Compare and contrast:

- \(\frac{\mathit{exp}(\beta_0 + \beta_1 x_1 + \beta_2 x_2)}{1 + \mathit{exp}(\beta_0 + \beta_1 x_1 + \beta_2 x_2)} \)
- \(\mathit{logit}^{-1}(\beta_0 + \beta_1 x_1 + \beta_2 x_2)\), where \(\mathit{logit}^{-1}(x)\) is defined as \(\frac{\mathit{exp}(x)}{1 + \mathit{exp}(x)} \)

Variants of version 1 are often found in psychology journals.
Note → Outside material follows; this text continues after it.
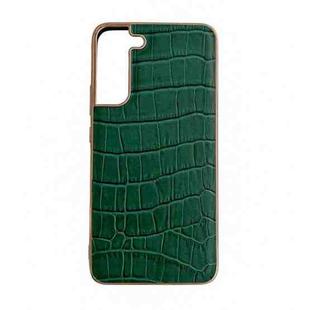 For Samsung Galaxy S22 5G Crocodile Texture Genuine Leather Electroplating Phone Case(Dark Green)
Rather than separating out reusable defintions, e.g., here of the *logit *function, many psychologists for some reason find it necessary to plug all bits of a formula in together at once to make a monster formula.

Here’s another example; two definitions of correlation:

- $latex \frac{n\sum x_iy_i-\sum x_i\sum y_i}

{\sqrt{n\sum x_i^2-(\sum x_i)^2}~\sqrt{n\sum y_i^2-(\sum y_i)^2}}&s=2$ - \(\mathit{cov}(X,Y) \over \sigma_X \sigma_Y\)

(Okay, I cheated a bit with the second and left out definitions of covariance and *SD*.)

So the question: which do you find easier to understand?